* Lithuania finance minister: would seek IMF help if needed
* IMF hails further budget cuts
* Economist sees Lithuania needing IMF aid eventually
(Adds quotes economist, IMF)
VIENNA/VILNIUS, July 24 (Reuters) -Lithuania would take financing help from the International Monetary Fund if needed, the finance minister was quoted on Friday as saying, as the IMF hailed the country's parliament for passing spending cuts.
The crisis in neighbour Latvia, which has been battling to secure aid agreed with the IMF and EU as it tackles problems over budget funding, showed the importance of securing balanced finances, Lithuanian Finance Minister Ingrida Simonyte said.
"If financial help becomes necessary because of a dramatic worsening (in the economic environment), we would of course resort to the IMF. I see this as pragmatic," Simonyte told Austrian daily Die Presse in an interview.
The Lithuanian government has several times said it does not rule out turning to the Fund for help, as Latvia had to do.
But Lithuania took heart from the fact it managed to raise 500 million euros in a Eurobond recently.
This week, its parliament also backed further budget cuts to help reduce the deficit.
In Washington, the IMF said these reductions were a step towards placing Lithuania's finances on a sounder longer-term footing and were needed to address tight financing conditions.
"It was an important step towards placing the country's budget finances on a sounder longer-term footing and was necessary to address tight financing conditions," Catriona Purfield, the IMF's mission chief for Lithuania, said in a statement.
But Morten Hansen, a Danish economist who is professor of economics at the Stockholm School of Economists in Riga, saw similarities between Latvia and Lithuania.
"Yes, Lithuania has not applied yet to the International Monetary Fund, but, I have no doubt, it is just a matter of time.

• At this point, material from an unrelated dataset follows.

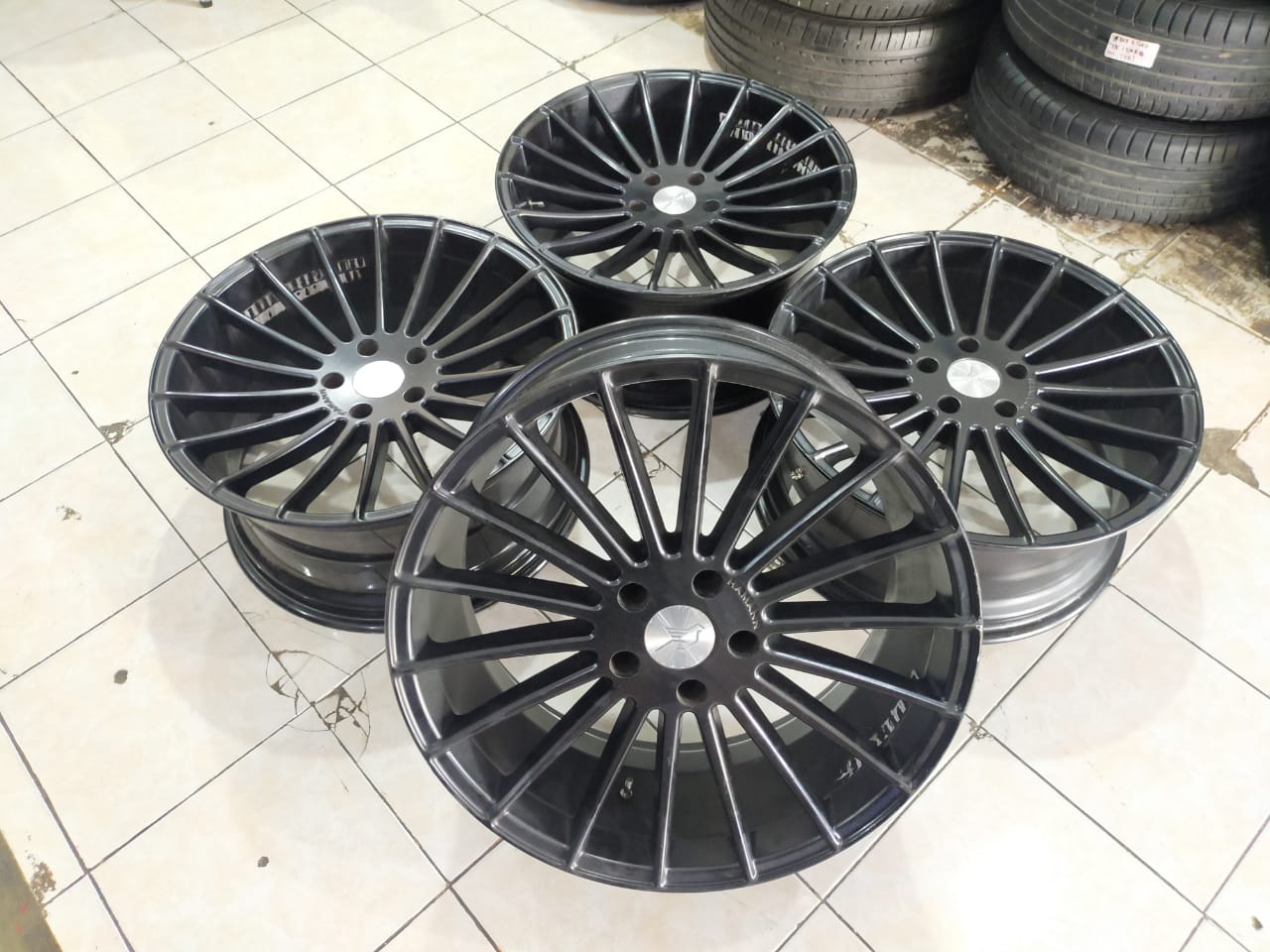 Velg Mobil HAMMAN R20X8.9-9.5 PCD 5X120 SMB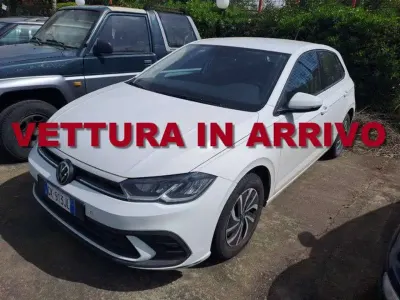 Usata VW Polo Life 95 CV (69 kW) 2022 Bianco Utilitaria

One day you will wake up in the same situation as in Latvia," Hansen told weekly Lithuanian magazine Atgimimas.
Hansen was one of the few economists to predict tough times for Latvia, saying before its crisis broke last year that it faced a hard landing from its property and credit bubble.
He had also warned the Latvian government it should stop running budget deficits when GDP was expanding in double digits.
Simonyte said a devaluation of Lithuania's litas currency was "absolutely no option", repeating previous comments from Lithuania's prime minister.